Here's what that meant in practice: We learned what works in advertising and what doesn't. We perfected phone follow-up systems. We took detailed notes about each customers' likes and dislikes...and we used those notes to match them to artwork...even if the match came years later [2]. We loaded up vans full of art and drove to clients' homes for in home sales. We developed computer systems to streamline all these processes. We hired a professional photographer to teach us how to properly photograph artworks and then invested in the equipment to do it ourselves. We Fedexed photos all over the country. We invested in a great website and kept it up to date every single day. We learned what works and what doesn't in email marketing, shows, direct mail, and events. We took sales courses and got really great at selling. We treated our customer list as our biggest asset and invested huge amounts of time and money nurturing real relationships with those customers. We became friends with them. I'm still friends with some of those people. This is what all the Internet gurus tell you to do now, but back then, we figured it out on our own. [3]
Since I had never previously been in the gallery business, I had no conception of what was "normal". So to me, everything we were doing was normal. And I really didn't understand that we were "running upstairs" until one day, we hired an experienced salesperson who had cut her teeth at galleries in Scottsdale, Santa Fe, and Laguna Beach, all big art resort towns. She had sold very well in those towns and I was extremely excited to have landed a salesperson who had worked for the "big guys".
But, a couple of months went by and she had made virtually zero sales and started constantly complaining about our lack of walk in traffic. Eventually, she complained that you just couldn't sell much art in San Antonio.
But that had to be a false statement. All the rest of us were selling at breakneck speeds and we were in San Antonio. So, I tried to teach her our system of "running upstairs". But "that's so much work!" she complained.
She just didn't want to work that hard, so, after a couple more months, she moved on.
The reality is, I didn't want to work that hard either. But when you're running a business, you want to give yourself every advantage possible and build every asset that you possibly can.
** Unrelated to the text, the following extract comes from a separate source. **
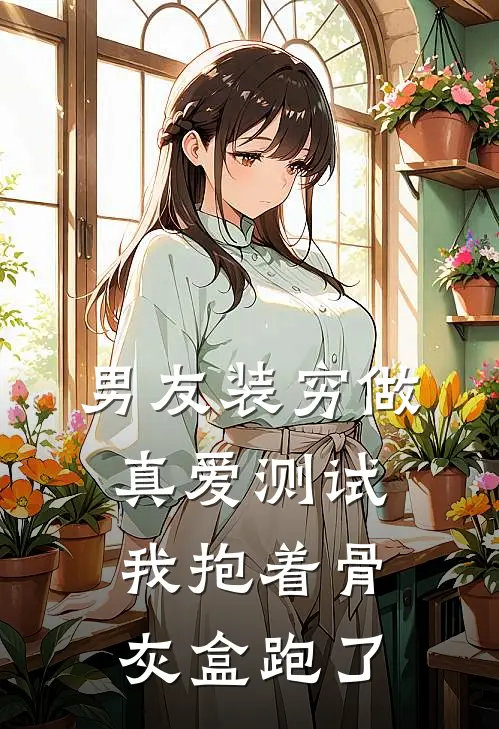 男友装穷做真爱测试，我抱着骨灰盒跑了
If you don't want to work hard on the marketing side, then make it a hobby.
I've heard lately that many galleries have shut their doors. I've also heard that my former gallery is still plugging along, selling art and growing.[4] It doesn't surprise me.
The galleries who have shut their doors likely didn't build the difficult but valuable assets by running upstairs during the good times. Like the salesperson we hired, they didn't want to work that hard. They never learned to "run upstairs" and now, when they most need to be able to run upstairs, they're too out of shape.
Like Paul Graham said in the quote above about seeking and solving hard problems, "And I'd be delighted, because something that was hard for us would be impossible for our competitors."
Deliberately "running upstairs" forces you to build valuable assets that you can take with you anywhere and utilize to thrive in any economy.
For most artists, there is no other way, at least until you are very far into your career. By choosing to be a professional artist, you have chosen to "run upstairs".
If you realize that, you can thrive. Those who truly run upstairs take command of their future and insist on finding a way to succeed.
Those who don't tend to blame circumstances and bad luck when things don't work out.
I'm still "running upstairs" and, for those of you who are with me...I'll see you at the top!
Remember, Sharing Art Enriches Life.